In conclusion, there is one more view which we venture, with all deference, to suggest. Surely the mediaeval folk were much the happier for all these ideas. Our own map of the world is dreadfully deficient in romance: it is really very hard to feel an eager interest in the exploration of Central Africa, or the discovery of the South Pole. If some traveller does delete the last white patch in the map of the Congo Free State, or push up some ice-crack to an open Antarctic Sea, we do not expect to gain any great good from it, or to hear any particularly startling news about these regions. It will be the difficulty of the task, not its results, that will direct attention to them. The discovery of a few more tribes of thoroughly uninteresting negroes, or a few more ice-blocked bays, has nothing in it to stir the heart of the world. We look for no marvels to be unveiled, no great problems that are to be solved. The naturalist may indeed be gladdened by the knowledge of a new species of Arctic gull, or a few varieties of tropical plants ; the collector of folk-lore may rejoice over some new and original negro funeral ceremonies; the merchant may find a new market for his cottons, — but these things will not prove very interesting to the mass of mankind.

Now in the middle ages everything was exactly the reverse of this. The greater part of the world’s surface was still unknown.
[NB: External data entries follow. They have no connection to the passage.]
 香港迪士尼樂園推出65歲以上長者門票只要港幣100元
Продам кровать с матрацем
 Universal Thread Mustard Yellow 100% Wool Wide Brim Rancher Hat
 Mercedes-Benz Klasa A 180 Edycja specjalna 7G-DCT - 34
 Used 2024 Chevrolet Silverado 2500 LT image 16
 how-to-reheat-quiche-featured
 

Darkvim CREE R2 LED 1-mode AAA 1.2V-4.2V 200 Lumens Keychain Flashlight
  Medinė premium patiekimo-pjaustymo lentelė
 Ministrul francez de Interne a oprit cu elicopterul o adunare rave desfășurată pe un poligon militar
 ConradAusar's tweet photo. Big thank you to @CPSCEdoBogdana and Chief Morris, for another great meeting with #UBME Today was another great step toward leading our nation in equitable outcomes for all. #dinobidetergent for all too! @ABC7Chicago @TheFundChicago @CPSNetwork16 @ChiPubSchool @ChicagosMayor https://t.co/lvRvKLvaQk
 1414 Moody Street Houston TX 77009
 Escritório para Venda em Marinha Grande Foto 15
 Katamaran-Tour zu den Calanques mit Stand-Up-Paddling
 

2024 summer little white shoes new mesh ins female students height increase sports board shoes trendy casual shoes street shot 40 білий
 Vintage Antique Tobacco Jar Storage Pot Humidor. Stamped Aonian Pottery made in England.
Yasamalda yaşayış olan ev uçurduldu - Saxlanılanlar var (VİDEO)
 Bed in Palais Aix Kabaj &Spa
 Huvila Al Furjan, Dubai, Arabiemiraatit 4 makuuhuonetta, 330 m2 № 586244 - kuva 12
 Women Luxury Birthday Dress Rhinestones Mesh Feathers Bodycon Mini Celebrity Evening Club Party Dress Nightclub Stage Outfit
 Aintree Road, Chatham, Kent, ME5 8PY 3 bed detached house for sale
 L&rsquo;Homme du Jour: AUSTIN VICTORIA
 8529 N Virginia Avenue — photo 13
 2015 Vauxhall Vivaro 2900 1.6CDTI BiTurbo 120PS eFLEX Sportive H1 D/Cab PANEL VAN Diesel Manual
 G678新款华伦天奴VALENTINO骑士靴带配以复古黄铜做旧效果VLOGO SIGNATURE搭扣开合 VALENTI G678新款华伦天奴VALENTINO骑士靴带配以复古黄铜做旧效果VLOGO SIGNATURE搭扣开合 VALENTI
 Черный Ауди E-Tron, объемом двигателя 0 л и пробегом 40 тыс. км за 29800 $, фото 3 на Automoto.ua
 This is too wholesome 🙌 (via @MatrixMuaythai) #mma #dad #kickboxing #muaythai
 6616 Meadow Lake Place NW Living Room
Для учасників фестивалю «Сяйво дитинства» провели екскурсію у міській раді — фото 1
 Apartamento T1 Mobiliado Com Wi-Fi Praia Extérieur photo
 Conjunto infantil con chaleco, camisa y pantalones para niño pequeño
There was hardly anything on which the adventurous traveller might not come. He might reach populous lands and cities, rich far beyond the ideas of the European world; he might, on the other hand, come to the land of the griffin and the flying serpent, or, as Shakespeare puts it in Othello, to

“antres vast and deserts idle,
Rough quarries, rocks and hills whose heads touch heaven,”

and to

“The Cannibals that each other eat,
The Anthropophagi, and men whose heads
Do grow beneath their shoulders.”

There was a glorious uncertainty in these voyages of discovery: one man would find the passage to India round the Cape of Good Hope, or kingdoms like Mexico or Peru; another would follow after equally uncertain rumours, and meet nothing but disaster, or even never be heard of again. Discovery could not possibly manage to be uninteresting in those days; and as if there were not enough real marvels to be found, the legends were continually holding out fabulous ones for the adventurous to seek. Now of all the legends, it can hardly be disputed that the legends of the Earthly Paradise were the most attractive. Men might not desire at once to leave their present life for the search after the beautiful land of endless rest without death; but still it was a comfortable feeling to know that such a land did exist. If a man’s life went hopelessly wrong, if he was in despair and felt that the world was out of joint, there was still this refuge left for him; it only needed a little more perseverance and courage than that of the last voyager who had almost reached the happy land, and then there would be for ever a quiet and blissful repose in some Avilion of the Western sea. We do not say that the men of the fourteenth or fifteenth century were happier than we of the twentieth; but certainly it was something not to be bound down by the prosaic bonds of that knowledge which forbids us to dream that we may

“Some day be at rest,
And follow the shining sinking sun down into the shining West.”

The world grows terribly small, and as it shrinks the glory of romance and adventure dies away.